There is a passage at the end of a recent Economist article about the debt problems faced by developing economies that suggests a more flexible form of financing is possible not only for countries, but regions, industries and even individual businesses (including the self-employed individual):
"...the IMF finds that most of the recent increase in emerging-market government debt has been due not to bigger primary budget deficits, but to large swings in exchange rates and interest rates. Emerging economies need to reduce their reliance on foreign-currency and short-term debt to make interest payments less volatile. Another interesting idea suggested by the IMF economists is that governments could issue bonds on which the interest payments would be linked to a country's growth rate: the faster the rate of growth, the higher would be the interest rate paid in any year. If growth slowed, interest payments would fall, providing a useful cushion in times of economic stress. It is an idea well worth further consideration."
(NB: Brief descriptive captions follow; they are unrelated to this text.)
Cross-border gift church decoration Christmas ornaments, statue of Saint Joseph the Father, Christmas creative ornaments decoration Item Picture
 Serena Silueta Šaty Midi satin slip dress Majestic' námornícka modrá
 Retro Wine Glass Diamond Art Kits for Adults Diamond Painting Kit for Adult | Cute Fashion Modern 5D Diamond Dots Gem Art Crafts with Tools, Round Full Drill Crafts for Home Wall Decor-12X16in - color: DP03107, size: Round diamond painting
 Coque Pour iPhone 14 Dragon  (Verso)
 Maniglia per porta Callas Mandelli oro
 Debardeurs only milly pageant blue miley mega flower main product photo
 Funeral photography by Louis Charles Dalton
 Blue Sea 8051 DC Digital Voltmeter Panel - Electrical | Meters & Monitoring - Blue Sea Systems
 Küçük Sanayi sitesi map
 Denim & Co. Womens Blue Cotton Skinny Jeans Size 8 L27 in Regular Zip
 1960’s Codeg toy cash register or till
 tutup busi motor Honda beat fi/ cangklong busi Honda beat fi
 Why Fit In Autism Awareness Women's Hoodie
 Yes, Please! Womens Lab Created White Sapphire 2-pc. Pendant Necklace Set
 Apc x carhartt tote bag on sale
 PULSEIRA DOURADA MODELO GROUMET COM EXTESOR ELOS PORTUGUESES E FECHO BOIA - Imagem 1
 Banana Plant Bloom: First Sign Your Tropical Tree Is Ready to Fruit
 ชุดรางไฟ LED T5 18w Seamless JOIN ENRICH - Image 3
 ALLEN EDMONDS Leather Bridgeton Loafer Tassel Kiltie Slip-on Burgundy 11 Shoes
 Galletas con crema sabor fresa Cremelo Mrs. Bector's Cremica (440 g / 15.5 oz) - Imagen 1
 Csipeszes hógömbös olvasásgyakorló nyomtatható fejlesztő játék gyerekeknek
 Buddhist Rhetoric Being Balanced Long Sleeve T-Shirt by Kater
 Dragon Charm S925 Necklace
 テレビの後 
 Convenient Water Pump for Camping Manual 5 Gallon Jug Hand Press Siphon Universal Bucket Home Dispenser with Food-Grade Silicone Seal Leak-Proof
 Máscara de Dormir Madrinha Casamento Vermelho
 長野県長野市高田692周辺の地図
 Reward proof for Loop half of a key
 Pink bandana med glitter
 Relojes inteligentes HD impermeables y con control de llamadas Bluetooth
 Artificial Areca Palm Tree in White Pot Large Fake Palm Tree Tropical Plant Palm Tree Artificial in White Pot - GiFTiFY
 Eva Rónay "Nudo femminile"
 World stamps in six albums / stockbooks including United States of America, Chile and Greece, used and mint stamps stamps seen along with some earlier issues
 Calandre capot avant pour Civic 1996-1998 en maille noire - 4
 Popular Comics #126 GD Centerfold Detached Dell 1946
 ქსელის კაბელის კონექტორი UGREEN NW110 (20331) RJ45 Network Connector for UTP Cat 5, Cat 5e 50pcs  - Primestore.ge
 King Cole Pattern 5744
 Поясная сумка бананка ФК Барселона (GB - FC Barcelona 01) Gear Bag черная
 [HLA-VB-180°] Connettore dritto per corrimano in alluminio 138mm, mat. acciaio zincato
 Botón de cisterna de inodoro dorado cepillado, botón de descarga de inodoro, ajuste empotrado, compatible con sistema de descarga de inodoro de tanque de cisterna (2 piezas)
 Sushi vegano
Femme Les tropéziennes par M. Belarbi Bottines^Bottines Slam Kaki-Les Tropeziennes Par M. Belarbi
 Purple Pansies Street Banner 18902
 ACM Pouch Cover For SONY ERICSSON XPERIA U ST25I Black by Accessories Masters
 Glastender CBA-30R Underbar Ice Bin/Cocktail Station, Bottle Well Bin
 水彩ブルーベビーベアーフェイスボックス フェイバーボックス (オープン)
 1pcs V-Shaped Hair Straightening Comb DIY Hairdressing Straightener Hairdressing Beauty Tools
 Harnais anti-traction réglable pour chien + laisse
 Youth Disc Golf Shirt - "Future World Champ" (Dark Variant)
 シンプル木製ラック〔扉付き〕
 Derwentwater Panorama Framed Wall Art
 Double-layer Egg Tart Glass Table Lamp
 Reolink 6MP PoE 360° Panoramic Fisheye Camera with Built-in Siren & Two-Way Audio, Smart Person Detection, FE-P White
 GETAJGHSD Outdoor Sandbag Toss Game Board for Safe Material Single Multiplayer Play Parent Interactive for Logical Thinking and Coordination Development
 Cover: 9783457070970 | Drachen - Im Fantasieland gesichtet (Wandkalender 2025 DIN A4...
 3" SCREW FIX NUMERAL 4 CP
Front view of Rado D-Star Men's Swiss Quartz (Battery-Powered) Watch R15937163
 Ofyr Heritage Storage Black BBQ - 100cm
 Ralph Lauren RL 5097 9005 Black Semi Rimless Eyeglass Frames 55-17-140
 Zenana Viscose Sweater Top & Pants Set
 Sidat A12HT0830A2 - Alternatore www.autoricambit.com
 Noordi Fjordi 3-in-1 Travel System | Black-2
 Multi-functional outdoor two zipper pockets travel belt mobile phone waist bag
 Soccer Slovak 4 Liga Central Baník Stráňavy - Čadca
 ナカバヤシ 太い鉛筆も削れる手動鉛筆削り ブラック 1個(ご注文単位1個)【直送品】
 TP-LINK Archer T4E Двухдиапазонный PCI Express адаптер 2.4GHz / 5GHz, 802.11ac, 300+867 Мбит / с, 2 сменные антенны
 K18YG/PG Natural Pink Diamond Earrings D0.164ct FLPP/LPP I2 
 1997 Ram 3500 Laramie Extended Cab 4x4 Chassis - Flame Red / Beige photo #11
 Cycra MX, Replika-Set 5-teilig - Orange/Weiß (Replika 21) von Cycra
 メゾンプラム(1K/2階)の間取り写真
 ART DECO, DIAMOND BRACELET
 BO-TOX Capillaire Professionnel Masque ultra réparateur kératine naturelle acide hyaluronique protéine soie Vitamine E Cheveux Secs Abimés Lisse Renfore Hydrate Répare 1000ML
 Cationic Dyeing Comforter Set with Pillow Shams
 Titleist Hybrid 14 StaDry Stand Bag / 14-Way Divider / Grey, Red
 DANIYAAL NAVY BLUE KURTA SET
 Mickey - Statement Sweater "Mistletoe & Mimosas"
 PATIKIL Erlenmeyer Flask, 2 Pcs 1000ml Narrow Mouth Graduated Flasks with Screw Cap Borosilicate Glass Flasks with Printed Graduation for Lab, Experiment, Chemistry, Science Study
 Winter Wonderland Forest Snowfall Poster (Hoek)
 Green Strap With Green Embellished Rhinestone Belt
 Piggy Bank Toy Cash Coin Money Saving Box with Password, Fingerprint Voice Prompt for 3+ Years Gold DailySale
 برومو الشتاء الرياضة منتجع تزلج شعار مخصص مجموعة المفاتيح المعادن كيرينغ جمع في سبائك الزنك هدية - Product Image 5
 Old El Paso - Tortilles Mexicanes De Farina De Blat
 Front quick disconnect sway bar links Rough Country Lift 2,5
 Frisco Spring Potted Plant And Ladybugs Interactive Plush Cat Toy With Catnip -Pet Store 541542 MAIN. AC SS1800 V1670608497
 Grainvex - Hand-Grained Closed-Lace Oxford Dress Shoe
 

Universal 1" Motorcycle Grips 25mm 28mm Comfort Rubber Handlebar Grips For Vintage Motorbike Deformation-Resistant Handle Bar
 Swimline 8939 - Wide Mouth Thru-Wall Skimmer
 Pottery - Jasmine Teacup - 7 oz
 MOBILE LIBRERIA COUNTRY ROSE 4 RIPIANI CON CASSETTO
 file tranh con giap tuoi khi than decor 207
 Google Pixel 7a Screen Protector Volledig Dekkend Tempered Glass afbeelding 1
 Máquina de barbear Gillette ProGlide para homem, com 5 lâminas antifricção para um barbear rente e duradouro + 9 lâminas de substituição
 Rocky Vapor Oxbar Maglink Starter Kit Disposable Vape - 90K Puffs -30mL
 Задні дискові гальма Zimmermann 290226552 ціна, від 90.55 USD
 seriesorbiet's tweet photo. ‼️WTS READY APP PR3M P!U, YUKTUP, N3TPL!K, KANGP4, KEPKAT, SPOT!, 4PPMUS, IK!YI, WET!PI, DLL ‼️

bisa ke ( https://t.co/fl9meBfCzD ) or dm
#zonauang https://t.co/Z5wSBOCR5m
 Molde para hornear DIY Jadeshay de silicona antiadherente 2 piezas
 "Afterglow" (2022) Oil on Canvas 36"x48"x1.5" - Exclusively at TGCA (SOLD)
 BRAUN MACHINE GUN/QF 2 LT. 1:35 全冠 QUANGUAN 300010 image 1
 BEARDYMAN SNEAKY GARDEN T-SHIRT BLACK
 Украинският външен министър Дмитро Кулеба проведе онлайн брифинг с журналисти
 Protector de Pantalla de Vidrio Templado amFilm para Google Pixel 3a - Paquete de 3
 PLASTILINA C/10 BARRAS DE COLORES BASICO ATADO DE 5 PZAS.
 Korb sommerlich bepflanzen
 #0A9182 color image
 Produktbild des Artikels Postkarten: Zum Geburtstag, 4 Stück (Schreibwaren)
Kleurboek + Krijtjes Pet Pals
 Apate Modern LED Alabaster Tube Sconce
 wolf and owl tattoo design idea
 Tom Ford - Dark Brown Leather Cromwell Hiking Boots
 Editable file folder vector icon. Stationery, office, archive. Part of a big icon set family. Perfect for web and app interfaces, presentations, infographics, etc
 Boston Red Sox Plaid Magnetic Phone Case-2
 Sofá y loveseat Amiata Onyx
The International Monetary Fund report referenced is available as a PDF here, for free. The notion of a variable interest system based on growth rates could be applied across a wide variety of economic situations. Consider, for example, financing of college educations, in which the economic value of a chosen major were later applied to the interest rates of student loans -- if a student chose a very risky major and the jobs vanished due to obsolescence, loans could be forgiven completely to facilitate a return to college to study a different area. Business that strived to clean up polluted sites could be financed based on the risk and reward to society, with lower rates if the work was not as profitable (or at all profitable). Society, since it provides the capital used in banking, can set these kinds of priorities and, as a result, emergent polities, groups who invest together and in one another to accomplish some social goal, can become a viable economic entity in an environment in which the cost of money is variable based on other factors than simple bottom-line economics.